Mr. Obama referenced a comment by Senator Daniel Patrick Moynihan that "you're entitled to your own opinion, but you're not entitled to your own facts." He said he wanted to establish factual accuracy even if "some of the facts that come up are ones that make my party a little bit uncomfortable."

"If it's established that by working seriously on medical malpractice and tort reform that we can reduce some of those costs, I've said from the beginning of this debate I'd be willing to work on that," he said. "On the other hand, if I'm told that that is only a fraction of the problem and that is not the biggest driver of health care costs, then I'm also going to insist, 'OK, let's look at that as one aspect of it, but what else are we willing to do?'"

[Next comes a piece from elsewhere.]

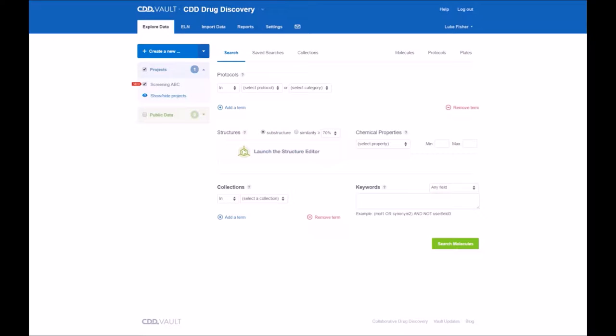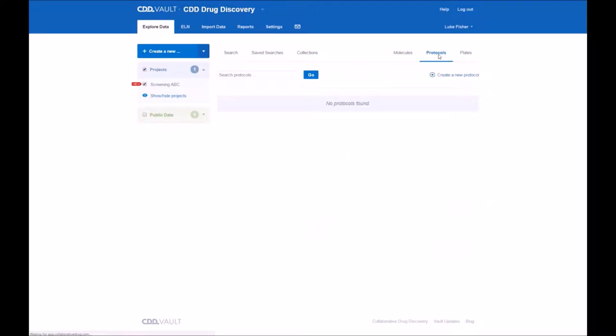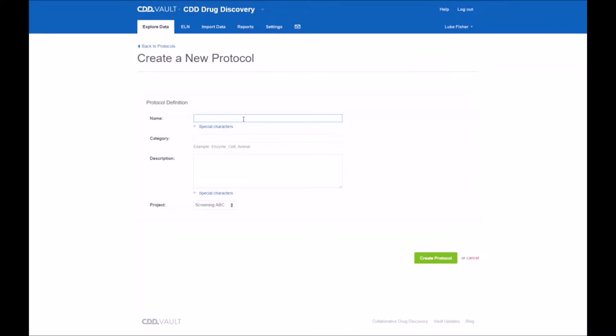To begin, you can create a protocol in a couple of different fashions in CDD Vault. First, under the pull-down menu is one choice, but over here as well, you can use the Create New Protocol button.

The president joked that his meeting Tuesday with Congressional leaders of both parties was so successful that Republican Mitch McConnell and Democrat Harry Reid "are out doing snow angels on the South Lawn together." He said he was encouraged that Republicans McConnell and John Boehner said they believe the status quo is not acceptable.

One reporter asked Mr. Obama about his support for nuclear power, offshore drilling and free trade, suggesting that "that's a lot of Republican stuff" and asking if Democrats will support those ideas.

"I think that on energy, there should be a bipartisan agreement that we have to take a both/and approach rather than either/or approach," said the president. He said that while he believes American should lead the world in developing clean energy sources, the traditional energy sources are also important in the short term.

"My hope is that when my Republican friends, but also Democrats, say to themselves, 'Let's be practical, and let's do both, let's not just do one or the other, let's do both,'", he said. "Over time I think the transition is going to be more and more clean energy, and over time fossil fuels become less prominent in our overall energy mix. But we've got to do both."

Asked how confident he said that a consensus along those lines could be reached, Mr. Obama responded, "Well, I am just a eternal optimist."

"All I can do is just to keep on making the argument about what's right for the country and assume that over time people, regardless of party, regardless of their particular political positions, are going to gravitate toward the truth," he said.